Question

Two wires each of radius of cross section but of different materials are connected together end to end (in series). If the densities of the charge carriers in the two wires are in the ratio 1:4, the drift velocity of electrons in the two wires will be in the ratio:
a) 1:2
b) 2:1
c) 1:4
d) 4:1

Answer 1

To obtain the ratio of the drift velocity of electrons of the two materials we have to compare them using their respective equation of current expressed in terms of drift velocity. It is mentioned that the two wires are connected in series. Hence the current through both of the wires will be the same. Hence we will be able to obtain the ratio we want.

Complete step by step answer:
Let us first express current in terms of drift velocity. For that let us consider a conductor of area of cross section equal to A of diameter equal to r, carrier charge density be n and length of the conductor be d, as shown in the figure below.

The current through the reference area is I. Let us say for an electron drift i.e. (moving with a constant drift velocity) opposite to the direction of the applied electric field. Let us say it takes time to traverse the distance d. Therefore the amount of charge that passes through the area of cross section A in time t is given by $\text{ }\\!\\!\Delta\\!\\!\text{ q=neAd}....\text{(1)}$. We know that current is defined as rate of flow of charge. Hence dividing equation 1 by t will get the current through the conductor i.e., $I=\dfrac{\text{ }\\!\\!\Delta\\!\\!\text{ q}}{t}\text{=}\dfrac{\text{neAd}}{t}$ the term$\dfrac{d}{t}\text{=}{{\text{V}}_{D}}\text{, is the value of drift velocity}$, hence substituting in the above equation the expression of I becomes $I=\text{neA}{{\text{V}}_{D}}$.
Using the above equation let us write the value of current in both the conductors.

The value of current in conductor 1 is given by ${{I}_{1}}={{\text{n}}_{1}}\text{ eA}{{\text{V}}_{\text{D}1}}...(2)$ where ${{n}_{1}}$ is the charge carrier density of conductor 1 and ${{\text{V}}_{\text{D}1}}$is the value of drift velocity of electrons in conductor 1.

The value of current in conductor 2 is given by ${{I}_{2}}={{\text{n}}_{2}}\text{ eA}{{\text{V}}_{\text{D2}}}...(3)$where ${{n}_{2}}$is the charge carrier density of conductor 2 and ${{\text{V}}_{\text{D2}}}$is the value of drift velocity of electrons in conductor 2.
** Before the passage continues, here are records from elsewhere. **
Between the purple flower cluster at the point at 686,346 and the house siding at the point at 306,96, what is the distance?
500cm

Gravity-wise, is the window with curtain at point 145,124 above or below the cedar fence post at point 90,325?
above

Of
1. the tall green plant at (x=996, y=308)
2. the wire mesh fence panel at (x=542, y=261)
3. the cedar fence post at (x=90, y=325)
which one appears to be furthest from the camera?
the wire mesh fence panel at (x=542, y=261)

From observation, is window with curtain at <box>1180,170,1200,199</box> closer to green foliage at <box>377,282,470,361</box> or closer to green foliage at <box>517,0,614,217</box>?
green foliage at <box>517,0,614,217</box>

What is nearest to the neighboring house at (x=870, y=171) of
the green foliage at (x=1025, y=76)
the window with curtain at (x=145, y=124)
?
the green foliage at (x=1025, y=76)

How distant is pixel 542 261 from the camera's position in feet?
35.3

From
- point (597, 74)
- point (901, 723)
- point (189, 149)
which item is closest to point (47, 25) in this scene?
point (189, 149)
Now let us divide equation 2 by 3.
$\dfrac{{{I}_{1}}}{{{I}_{2}}}=\dfrac{{{\text{n}}_{1}}\text{ eA}{{\text{V}}_{\text{D}1}}}{{{\text{n}}_{2}}\text{ eA}{{\text{V}}_{\text{D2}}}}$ The above wires have the same area of cross section as well as the same value of current as they are connected in series. Hence we can write ${{I}_{1}}={{I}_{2}}$. Hence the above equation can be written as,
$\dfrac{1}{1}=\dfrac{{{\text{n}}_{1}}{{\text{V}}_{\text{D}1}}}{{{\text{n}}_{2}}{{\text{V}}_{\text{D2}}}}....(4)$. It is given in the question that the ratio of the carrier charge density i.e.
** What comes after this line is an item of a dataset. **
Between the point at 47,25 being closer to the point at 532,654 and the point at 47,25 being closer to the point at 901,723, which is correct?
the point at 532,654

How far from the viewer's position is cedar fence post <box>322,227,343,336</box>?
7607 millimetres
conductor 1 : conductor2 = 1:4, implies $\dfrac{{{\text{n}}_{1}}}{{{\text{n}}_{2}}}=\dfrac{1}{4}$, after substituting this in equation 4 we get,
$\dfrac{1}{1}=\dfrac{{{\text{V}}_{\text{D}1}}}{\text{4}{{\text{V}}_{\text{D2}}}}$ after cross multiplying the adjacent equation be written as $\dfrac{{{\text{V}}_{\text{D}1}}}{{{\text{V}}_{\text{D2}}}}=\dfrac{4}{1}$. Hence the ratio of their drift velocity is 4:1.
Hence, the correct answer is option D.

Note:
The drift velocity of the conductor is the average velocity. The electrons accelerate by the force due to electric field and decelerate due to the obstruction caused by the ions of the metal. This increase and decrease in the velocity can be taken an average of which gives us a constant velocity i.e. drift velocity.